Background: Invasive community-onset staphylococcal disease has emerged worldwide associated with Panton-Valentine leucocidin (PVL) toxin. Whether PVL is pathogenic or an epidemiological marker is unclear. We investigate the role of PVL in disease, colonisation, and clinical outcome.
Methods: We searched Medline and Embase for original research reporting the prevalence of PVL genes among Staphylococcus aureus pneumonia, bacteraemia, musculoskeletal infection, skin and soft-tissue infection, or colonisation published before Oct 1, 2011. We calculated odds ratios (ORs) to compare patients with PVL-positive colonisation and each infection relative to the odds of PVL-positive skin and soft-tissue infection. We did meta-analyses to estimate odds of infection or colonisation with a PVL-positive strain with fixed-effects or random-effects models, depending on the results of tests for heterogeneity.

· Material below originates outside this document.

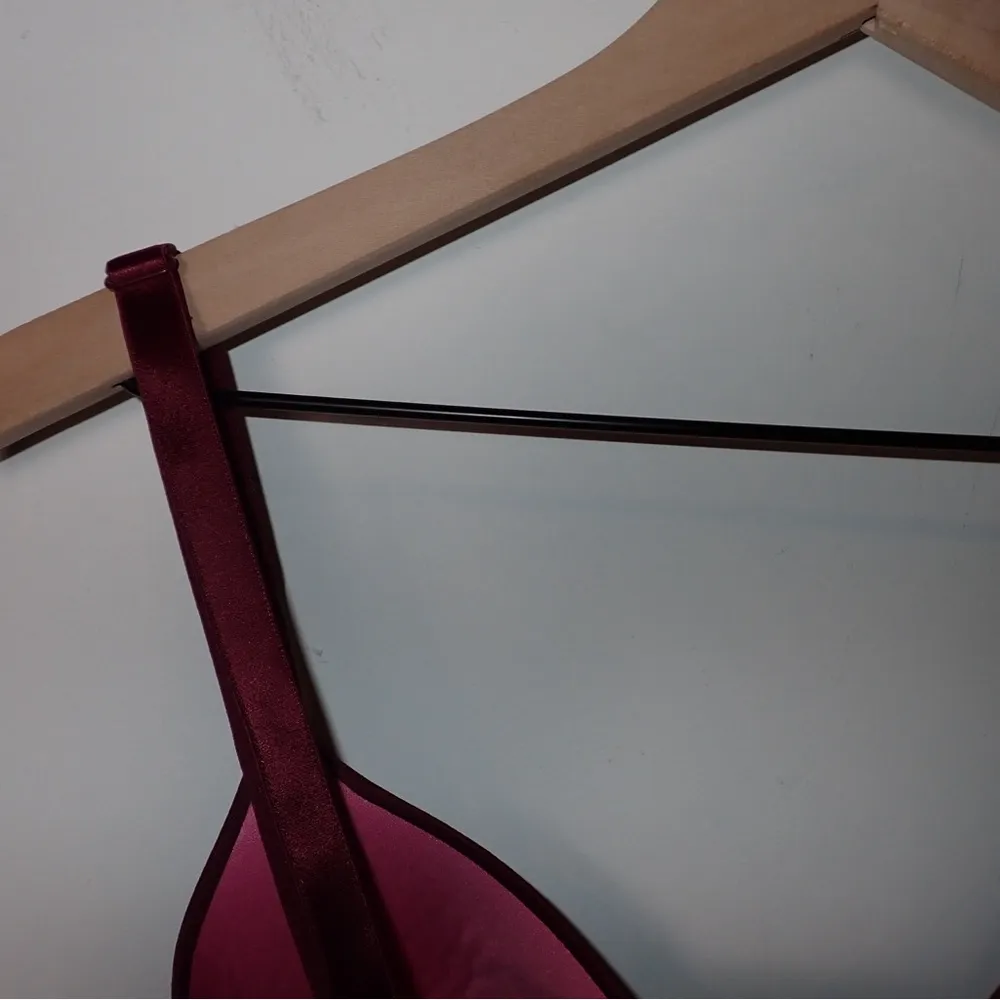 Victoria’s Secret PINK Maroon Underwire T Shirt Bra size 36D - Image 3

Results: Of 509 articles identified by our search strategy, 76 studies from 31 countries met our inclusion criteria. PVL strains are strongly associated with skin and soft-tissue infections, but are comparatively rare in pneumonia (OR 0·37, 95% CI 0·22-0·63), musculoskeletal infections (0·44, 0·19-0·99), bacteraemias (0·10, 0·06-0·18), and colonising strains (0·07, 0·01-0·31). PVL-positive skin and soft-tissue infections are more likely to be treated surgically than are PVL-negative infections, and children with PVL-positive musculoskeletal disease might have increased morbidity. For other forms of disease we identified no evidence that PVL affects outcome.

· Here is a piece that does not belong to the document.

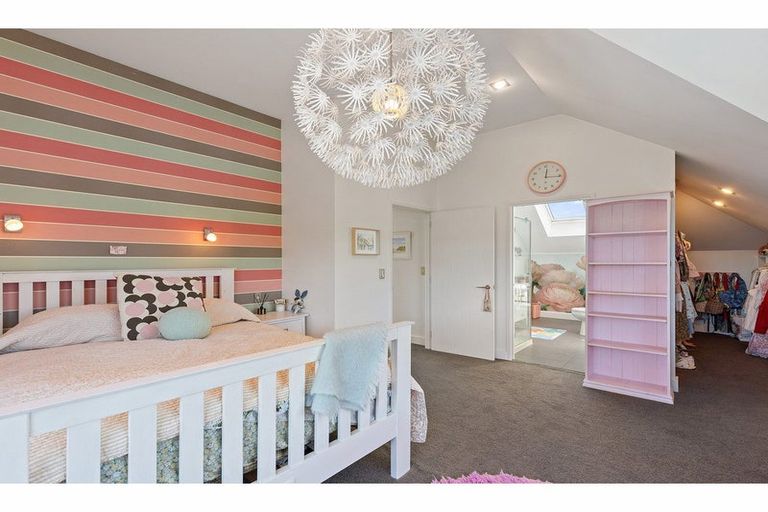 Photo of property in 94 Saint Martins Road, Saint Martins, Christchurch, 8022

Interpretation: PVL genes are consistently associated with skin and soft-tissue infections and are comparatively rare in invasive disease. This finding challenges the view that PVL mainly causes invasive disease with poor prognosis. Population-based studies are needed to define the role of PVL in mild, moderate, and severe disease and to inform control strategies.